• Task requirements: Without pictures, retype the following entries exactly.

━━━━━━━━━━━━━━━━━━━━

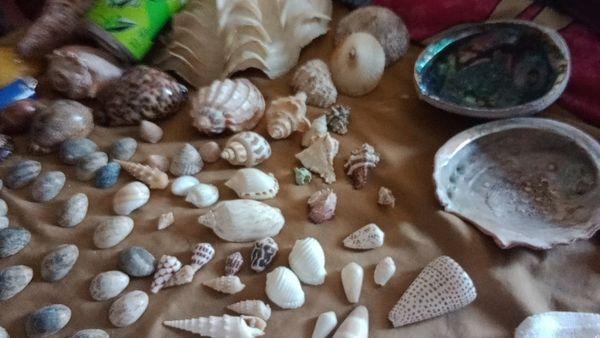 Abolone mixes with limpets and cones shells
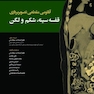 آناتومی مقطعی تصویربرداری قفسه سینه، شکم و لگن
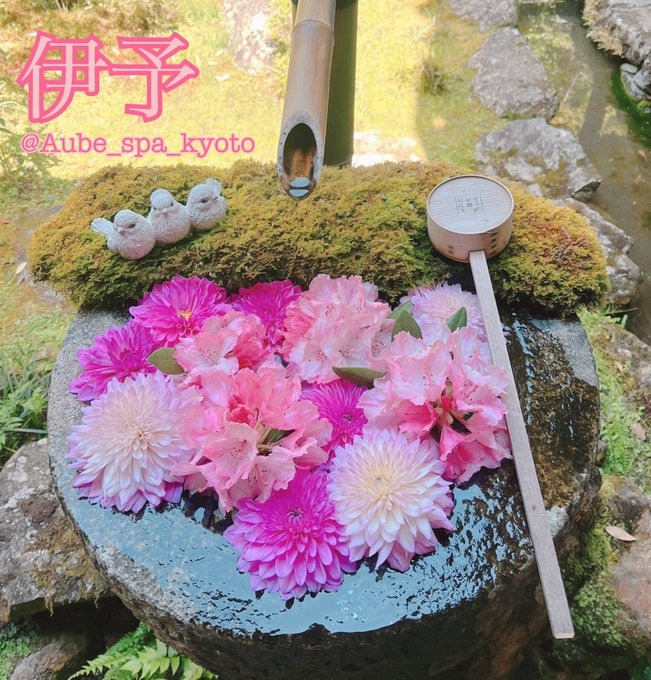 伊予の日記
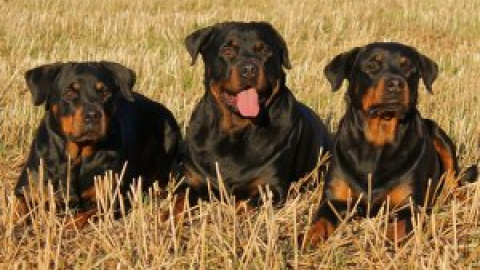 Muere el anciano de 81 años que fue atacado por tres rottweiler en Madrid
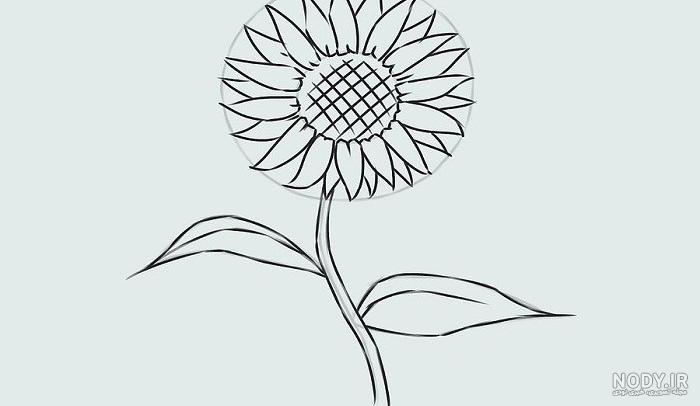 عکس نقاشی یک گل ساده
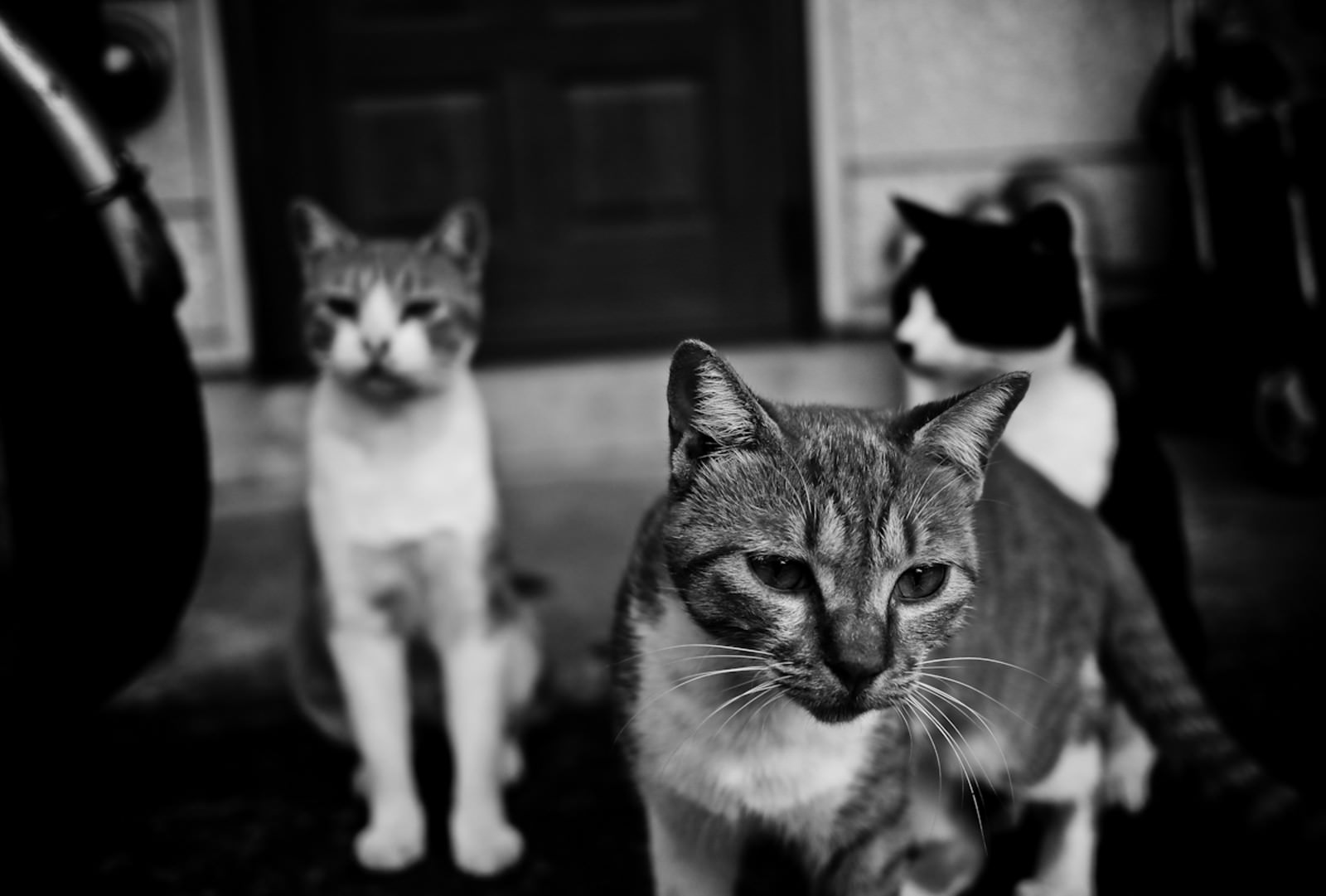 複数の猫が集まったモノクロ写真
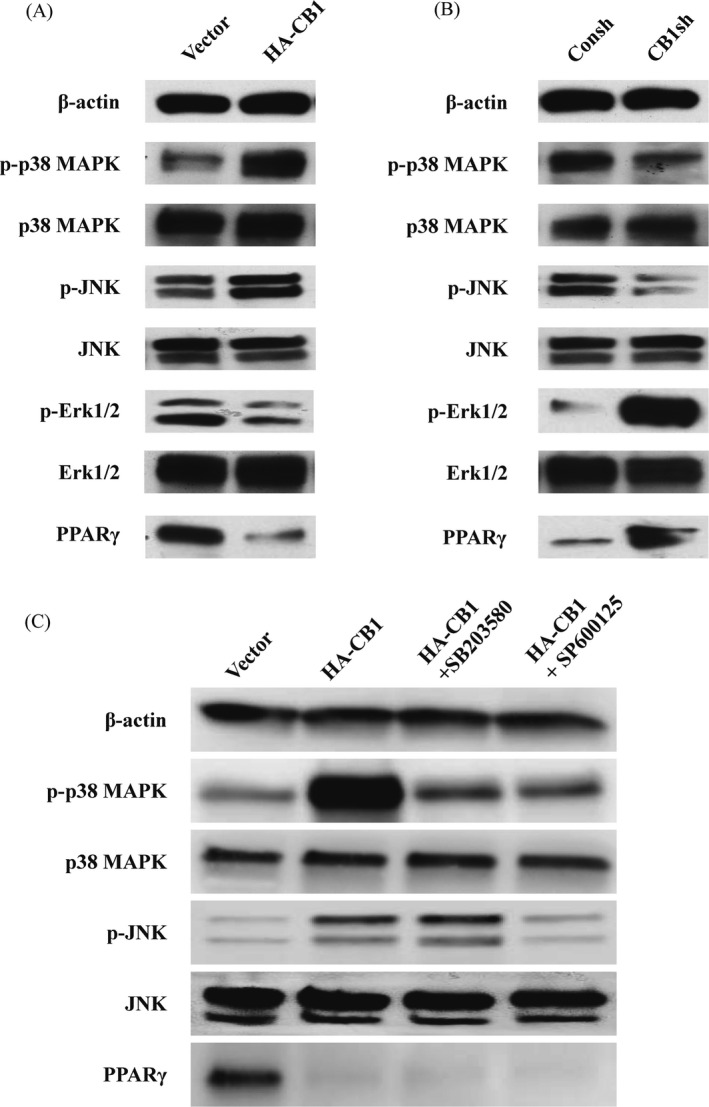 The effect of CB1 on MAPK signal pathways and PPAR‐γ in PDLSCs. A, Western blot results showed the expression of phosphorylated p38 MAPK, JNK, and Erk1/2, along with p38 MAPK, JNK, Erk1/2 and PPAR‐γ in the CB1‐overexpressing PDLSCs compared to the control group. B, Western blot results showed the expression of phosphorylated p38 MAPK, JNK and Erk1/2, along with p38 MAPK, JNK, Erk1/2 and PPAR‐γ in the CB1sh PDLSCs compared to the control group. C, 20 µM SB203580 or 20 µM SP600125 was used to treat the CB1‐overexpressing PDLSCs for 2 h. Western blot results showed the expression of phosphorylated p38 MAPK and JNK, along with p38 MAPK, JNK and PPAR‐γ in PDLSCs. β‐actin was used as an internal control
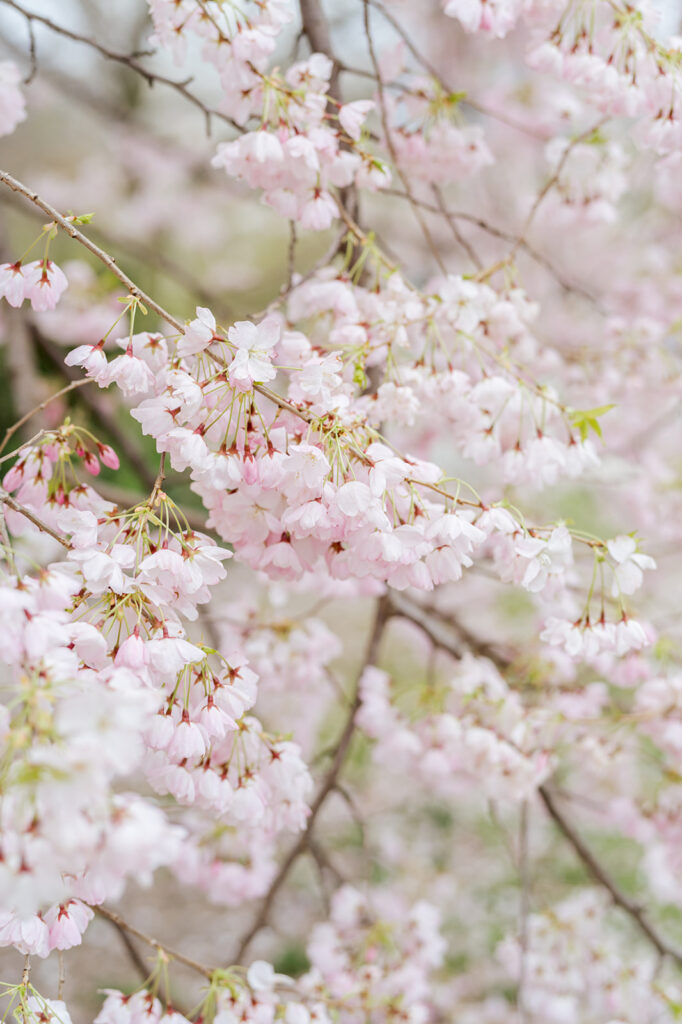 central park engagement session, nyc wedding photographer, nyc engagement session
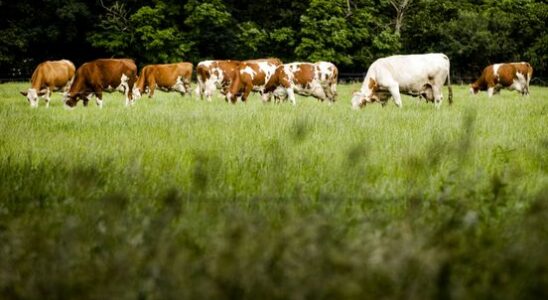 Provinces set up nitrogen committee to get the Netherlands off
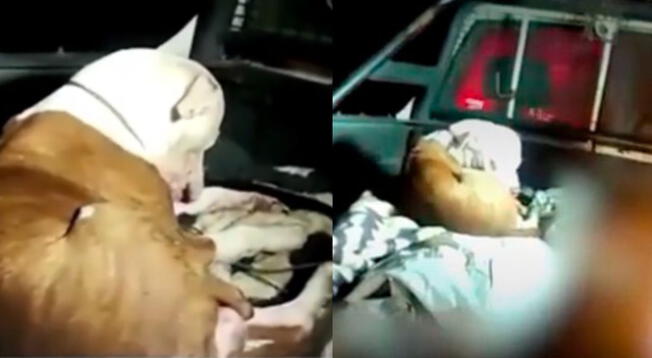 Perrito no se separó de sus dueños fallecidos en accidente en carretera central - VIDEO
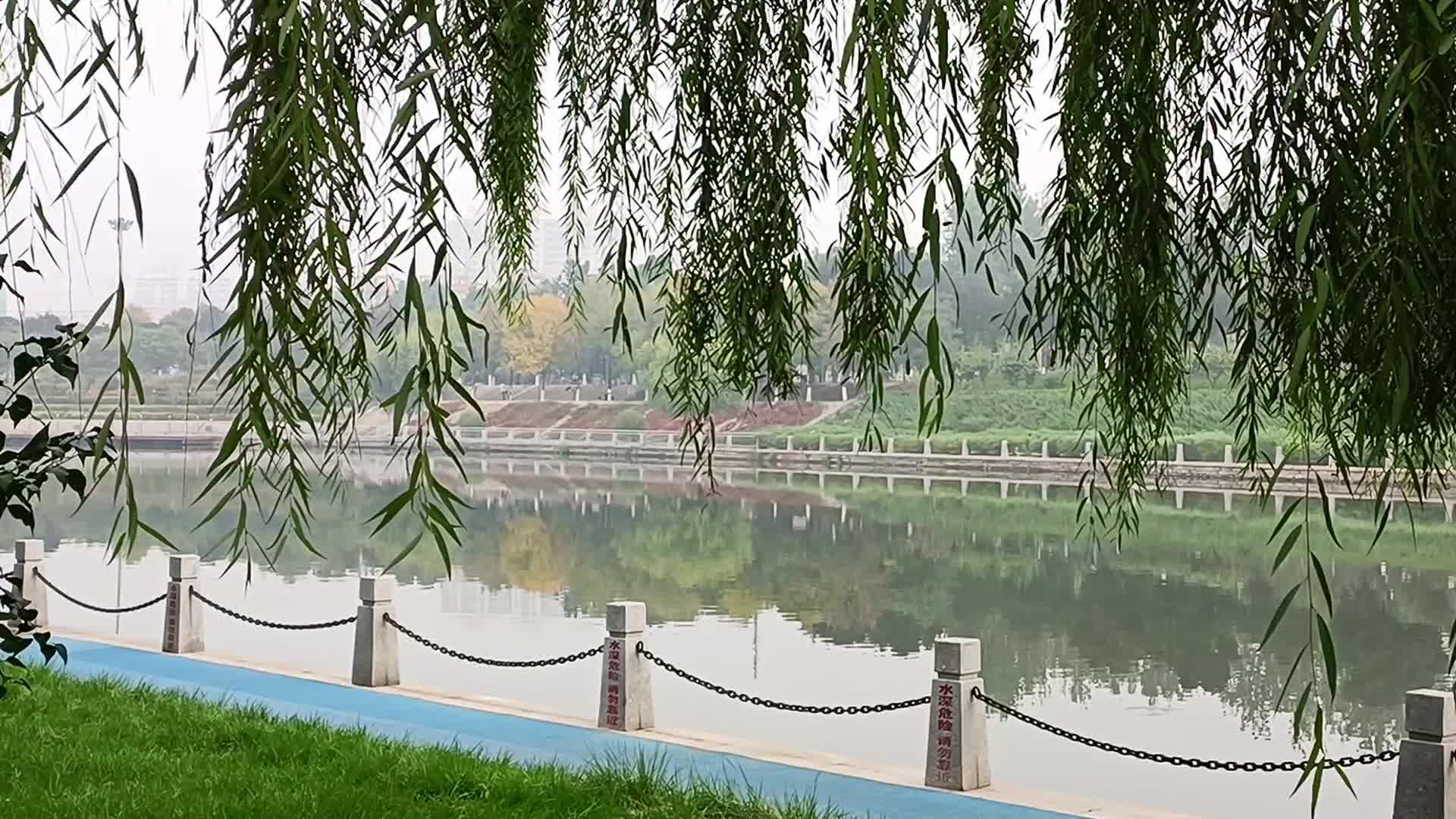 河边垂柳视频的预览图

━━━━━━━━━━━━━━━━━━━━

• Reply:
 Abolone mixes with limpets and cones shells
 آناتومی مقطعی تصویربرداری قفسه سینه، شکم و لگن
 伊予の日記
 Muere el anciano de 81 años que fue atacado por tres rottweiler en Madrid
 عکس نقاشی یک گل ساده
 複数の猫が集まったモノクロ写真
 The effect of CB1 on MAPK signal pathways and PPAR‐γ in PDLSCs. A, Western blot results showed the expression of phosphorylated p38 MAPK, JNK, and Erk1/2, along with p38 MAPK, JNK, Erk1/2 and PPAR‐γ in the CB1‐overexpressing PDLSCs compared to the control group. B, Western blot results showed the expression of phosphorylated p38 MAPK, JNK and Erk1/2, along with p38 MAPK, JNK, Erk1/2 and PPAR‐γ in the CB1sh PDLSCs compared to the control group. C, 20 µM SB203580 or 20 µM SP600125 was used to treat the CB1‐overexpressing PDLSCs for 2 h. Western blot results showed the expression of phosphorylated p38 MAPK and JNK, along with p38 MAPK, JNK and PPAR‐γ in PDLSCs. β‐actin was used as an internal control
 central park engagement session, nyc wedding photographer, nyc engagement session
 Provinces set up nitrogen committee to get the Netherlands off
 Perrito no se separó de sus dueños fallecidos en accidente en carretera central - VIDEO
 河边垂柳视频的预览图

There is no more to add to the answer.